Prior to writing this article I spent a couple of wonderful days visiting family in the north of Italy near a town called Udine. As Italian families do, I was spoiled with some of the most delicious food my tastebuds have ever had to pleasure of coming in contact with and in amounts that sent me straight to bed in a stuffed-to-the-brim, dream-like state only to wake up the next day, walk down to the kitchen, and feed again.
With two and a half days of heavy feeding, largely of the pasta, pizza, vino, and beer variety, I needed to lift some heavy weights. And so, sitting down back in the apartment in Milan, I wrote the following workout, and today, the day after said workout, walking and sitting down are about the two most impossible tasks I can partake in thanks to the wonderful DOMS created by The Leg Day to End All Leg Days.
Guidelines
Let the reps dictate the weight. So choose a weight that will get you to come close to failure while maintaining good form on the last rep in the set.
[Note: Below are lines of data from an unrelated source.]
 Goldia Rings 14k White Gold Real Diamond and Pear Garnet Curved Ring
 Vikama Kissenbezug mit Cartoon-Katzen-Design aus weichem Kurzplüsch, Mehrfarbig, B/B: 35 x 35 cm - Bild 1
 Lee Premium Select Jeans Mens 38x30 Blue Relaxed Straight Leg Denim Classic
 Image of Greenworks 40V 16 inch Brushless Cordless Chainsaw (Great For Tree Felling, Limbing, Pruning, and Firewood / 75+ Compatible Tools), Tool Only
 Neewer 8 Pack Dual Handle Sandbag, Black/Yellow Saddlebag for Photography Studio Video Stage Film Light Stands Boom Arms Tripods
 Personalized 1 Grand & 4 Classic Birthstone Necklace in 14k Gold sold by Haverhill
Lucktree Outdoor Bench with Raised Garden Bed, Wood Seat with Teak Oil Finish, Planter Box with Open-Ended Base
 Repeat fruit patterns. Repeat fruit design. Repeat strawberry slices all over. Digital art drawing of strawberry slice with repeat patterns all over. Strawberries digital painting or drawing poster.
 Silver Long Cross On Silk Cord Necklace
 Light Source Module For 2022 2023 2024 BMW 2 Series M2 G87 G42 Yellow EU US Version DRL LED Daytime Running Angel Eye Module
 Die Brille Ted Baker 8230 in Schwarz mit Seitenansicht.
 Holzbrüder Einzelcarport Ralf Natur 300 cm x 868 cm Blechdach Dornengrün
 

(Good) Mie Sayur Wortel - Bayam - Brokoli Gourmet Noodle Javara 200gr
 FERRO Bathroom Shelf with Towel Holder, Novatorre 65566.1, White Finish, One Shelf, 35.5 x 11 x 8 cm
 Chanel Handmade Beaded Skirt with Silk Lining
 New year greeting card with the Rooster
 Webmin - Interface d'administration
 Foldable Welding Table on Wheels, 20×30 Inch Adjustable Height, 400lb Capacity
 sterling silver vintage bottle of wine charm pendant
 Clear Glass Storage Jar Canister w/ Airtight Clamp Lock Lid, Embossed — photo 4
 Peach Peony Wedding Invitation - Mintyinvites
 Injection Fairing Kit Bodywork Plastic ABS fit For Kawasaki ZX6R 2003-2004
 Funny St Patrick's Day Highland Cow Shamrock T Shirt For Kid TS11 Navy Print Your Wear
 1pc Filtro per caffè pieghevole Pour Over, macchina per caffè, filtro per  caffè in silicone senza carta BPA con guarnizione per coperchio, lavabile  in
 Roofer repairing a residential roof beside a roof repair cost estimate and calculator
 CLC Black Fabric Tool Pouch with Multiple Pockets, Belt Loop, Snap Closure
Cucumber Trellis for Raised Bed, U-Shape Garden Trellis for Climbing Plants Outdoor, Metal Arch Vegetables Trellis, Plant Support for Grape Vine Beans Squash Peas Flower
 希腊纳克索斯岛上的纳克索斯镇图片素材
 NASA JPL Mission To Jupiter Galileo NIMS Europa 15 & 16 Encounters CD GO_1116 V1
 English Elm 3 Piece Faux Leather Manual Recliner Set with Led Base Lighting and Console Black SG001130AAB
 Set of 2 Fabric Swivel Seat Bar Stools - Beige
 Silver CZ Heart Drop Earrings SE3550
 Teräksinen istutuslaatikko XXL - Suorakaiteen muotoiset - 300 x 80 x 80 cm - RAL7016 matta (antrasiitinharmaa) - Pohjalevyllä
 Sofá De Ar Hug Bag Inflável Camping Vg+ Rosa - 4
For sets lower than 8 reps, leave at least 2 reps in the tank, focusing more on exploding in the concentric phase while being controlled in the tempo of the eccentric phase.
Tempo: Go at a normal speed, always going as fast as possible on the concentric contraction, unless, of course, otherwise stated. The only adjustment we’ll make is on the eccentric contraction (usually the way down).
Quads
A. Squats
Reps: 15, 8, 6, 20, 20 (the last two sets SUCK!)
Note: On the last set, drop the weight by 30% and continue to failure once again.
Tempo: 3 sec on the eccentric contraction, except for the last two sets, which are done at a controlled, fast pace.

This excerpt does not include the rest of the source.